LaLiga Terbitkan Protokol untuk Klub agar Bisa Kembali Berlatih

DBasia.news –  LaLiga menyiapkan cara agar klub-klub bisa kembali berlatih sehingga bisa kembali berlaga dengan kondisi prima saat liga dilanjutkan. Protokol disiapkan LaLiga di tengah pandemi virus corona yang menghentikan sementara sepak bola dunia.

Sebagaimana dilansir dari Sport-English ada empat fase dalam protokol yang harus diikuti oleh klub-klub LaLiga. LaLiga dikabarkan telah berkomunikasi dengan 42 klub di LaLiga dan Divisi Segunda.

Isi pertemuan itu membahas protokol untuk klub-klub kembali berlatih meski saat ini masih di tengah pandemi virus corona. Ada empat fase yang dibuat oleh LaLiga.

Pada fase pertama adalah latihan rutin di rumah, lalu yang kedua latihan individu di pusat latihan klub masing-masing, bersiap dan kemudian mandi di rumah.

Lalu di fase ketiga adalah berlatih dengan grup-grup kecil sebelum memasuki fase final, berlatih dengan grup yang lebih besar. Itu akan jadi fase terakhir sebelum mulai kembali berkompetisi.

Dalam situasi tersebut, dikutip dari Sport, pemain-pemain akan tingal di hotel atau kediaman yang terisolasi. Akses akan dibatasi untuk staf tertentu dan itu bisa terjadi di tempat latihan seperti Real Madrid dan Villarreal yang memiliki hotel di area mereka.

Tidak hanya itu tes virus corona juga akan dilakukan kepada pemain dan staf kepelatihan yang diawasi langsung LaLiga. Tiga tes akan dilakukan sebelum berlatih individu, grup, dan kompetisi dimulai.

Apabila ditemukan pemain yang positif virus corona maka dia akan diisolasi dari grup dan yang lainnya tetap melanjutkan protokol.

LaLiga telah menyiapkannya, namun Quique Setien (pelatih Barcelona) dan Sergio Busquets (gelandang Barca) ragu protokol itu bisa berjalan dengan baik, mengingat masih banyaknya virus corona di Spanyol.
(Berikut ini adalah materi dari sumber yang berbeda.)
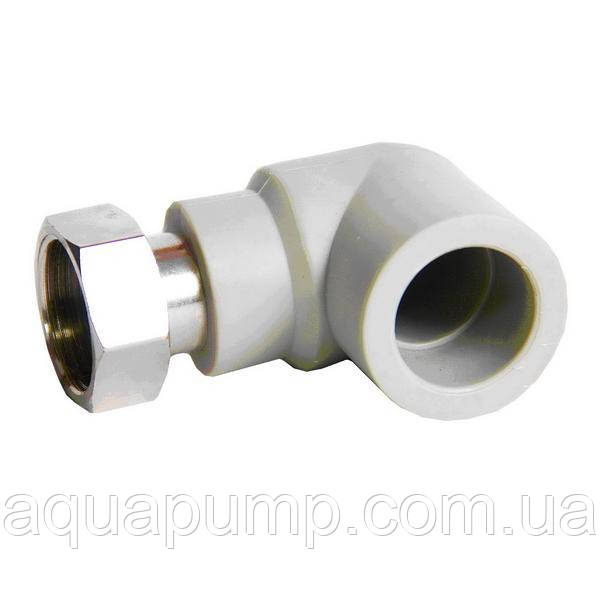 Угольник PPR ВР с накидной гайкой 20х1/2 GRE Aqua Pipe - фото 1 - id-p631525316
“Saya pikir ini (protokol) akan sulit untuk dilanjutkan. Saya rasa itu tidak bisa dilakukan,” ucap Busquets beberapa waktu lalu.
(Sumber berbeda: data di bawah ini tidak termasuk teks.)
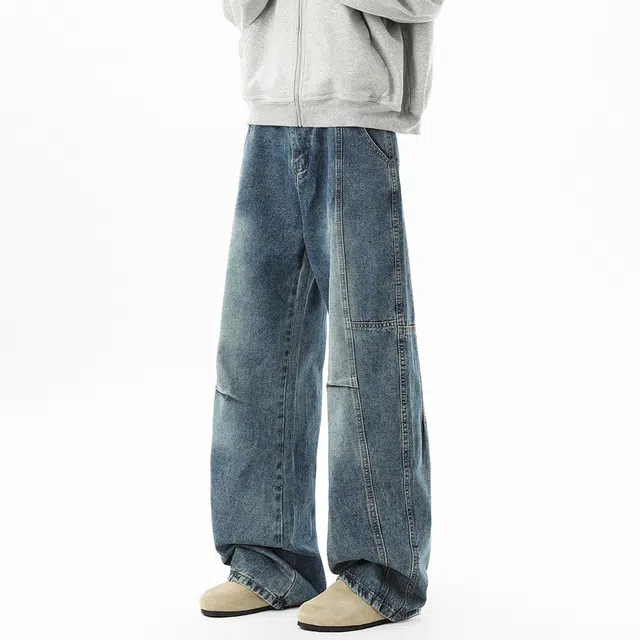 佐菲利 美式复古水洗拼接高街解构直筒长裤设计感做旧阔腿裤子牛仔裤 男女同款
“Saya menunggu kabar baik. Saya pikir akan sulit untuk melanjutkan karena perjalanan menyatukan semua orang. Itu akan menjadi masalah.”

“Semua orang ingin siap ketika momen tiba. Sampai pihak berwenang dapat menjamin bahwa tidak ada masalah … Saya sudah membaca protokol LaLiga dan bagi saya sepertinya percuma, saya tidak berpikir itu bisa berlanjut. Semua aturan ini saya tidak berpikir mereka bisa mengaturnya,” tambah Setien.